Action item —
Reproduce the data that follows in its entirety, character for character.

Available data —
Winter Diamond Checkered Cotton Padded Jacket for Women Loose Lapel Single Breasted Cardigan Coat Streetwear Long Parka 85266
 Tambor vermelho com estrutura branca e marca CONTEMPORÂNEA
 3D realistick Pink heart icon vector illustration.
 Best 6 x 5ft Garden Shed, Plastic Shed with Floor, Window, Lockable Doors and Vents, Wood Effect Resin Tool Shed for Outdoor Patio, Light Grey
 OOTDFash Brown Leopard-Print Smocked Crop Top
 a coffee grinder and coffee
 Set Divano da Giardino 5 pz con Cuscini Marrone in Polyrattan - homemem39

Result —
Winter Diamond Checkered Cotton Padded Jacket for Women Loose Lapel Single Breasted Cardigan Coat Streetwear Long Parka 85266
 Tambor vermelho com estrutura branca e marca CONTEMPORÂNEA
 3D realistick Pink heart icon vector illustration.
 Best 6 x 5ft Garden Shed, Plastic Shed with Floor, Window, Lockable Doors and Vents, Wood Effect Resin Tool Shed for Outdoor Patio, Light Grey
 OOTDFash Brown Leopard-Print Smocked Crop Top
 a coffee grinder and coffee
 Set Divano da Giardino 5 pz con Cuscini Marrone in Polyrattan - homemem39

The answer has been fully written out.